* Work request: In the entries below, find each line with the string "their" and copy it.

Dataset entries:
----

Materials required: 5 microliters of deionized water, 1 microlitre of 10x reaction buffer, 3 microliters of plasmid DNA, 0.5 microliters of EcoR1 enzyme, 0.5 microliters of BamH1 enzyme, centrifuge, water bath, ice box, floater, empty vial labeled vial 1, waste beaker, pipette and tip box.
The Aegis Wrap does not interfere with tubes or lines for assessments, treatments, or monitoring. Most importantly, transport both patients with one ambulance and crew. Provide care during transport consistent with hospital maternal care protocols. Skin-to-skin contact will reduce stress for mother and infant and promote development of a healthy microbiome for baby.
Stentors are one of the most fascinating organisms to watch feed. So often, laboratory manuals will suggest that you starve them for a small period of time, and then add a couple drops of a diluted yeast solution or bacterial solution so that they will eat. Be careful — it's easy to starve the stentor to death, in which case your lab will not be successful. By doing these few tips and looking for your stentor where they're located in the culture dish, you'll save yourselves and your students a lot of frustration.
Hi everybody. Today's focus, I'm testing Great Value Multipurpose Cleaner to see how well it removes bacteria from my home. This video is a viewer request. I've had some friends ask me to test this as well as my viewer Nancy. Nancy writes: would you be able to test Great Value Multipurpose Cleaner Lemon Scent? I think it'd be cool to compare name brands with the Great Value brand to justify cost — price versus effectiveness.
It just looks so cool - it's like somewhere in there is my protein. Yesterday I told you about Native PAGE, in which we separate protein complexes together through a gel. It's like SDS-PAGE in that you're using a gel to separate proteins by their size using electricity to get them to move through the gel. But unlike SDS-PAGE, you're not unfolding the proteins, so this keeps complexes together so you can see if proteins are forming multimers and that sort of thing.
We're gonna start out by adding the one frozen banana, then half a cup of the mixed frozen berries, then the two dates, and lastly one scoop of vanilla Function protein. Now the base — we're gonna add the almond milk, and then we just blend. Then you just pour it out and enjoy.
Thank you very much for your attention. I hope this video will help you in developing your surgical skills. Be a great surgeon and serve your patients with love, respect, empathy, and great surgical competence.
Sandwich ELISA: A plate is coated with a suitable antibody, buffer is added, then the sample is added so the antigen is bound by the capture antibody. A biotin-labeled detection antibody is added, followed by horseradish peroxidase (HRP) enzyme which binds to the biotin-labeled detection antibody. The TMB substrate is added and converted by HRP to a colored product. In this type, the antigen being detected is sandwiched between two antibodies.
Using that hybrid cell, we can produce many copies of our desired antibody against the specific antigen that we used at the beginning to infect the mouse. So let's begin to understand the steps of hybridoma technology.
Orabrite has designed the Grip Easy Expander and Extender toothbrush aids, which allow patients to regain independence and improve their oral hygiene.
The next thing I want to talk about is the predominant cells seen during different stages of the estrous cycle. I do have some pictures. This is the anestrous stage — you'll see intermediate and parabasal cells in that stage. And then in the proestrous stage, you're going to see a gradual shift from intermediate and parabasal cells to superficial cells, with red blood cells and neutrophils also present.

----

* Response to this exercise:
It just looks so cool - it's like somewhere in there is my protein. Yesterday I told you about Native PAGE, in which we separate protein complexes together through a gel. It's like SDS-PAGE in that you're using a gel to separate proteins by their size using electricity to get them to move through the gel. But unlike SDS-PAGE, you're not unfolding the proteins, so this keeps complexes together so you can see if proteins are forming multimers and that sort of thing.
Orabrite has designed the Grip Easy Expander and Extender toothbrush aids, which allow patients to regain independence and improve their oral hygiene.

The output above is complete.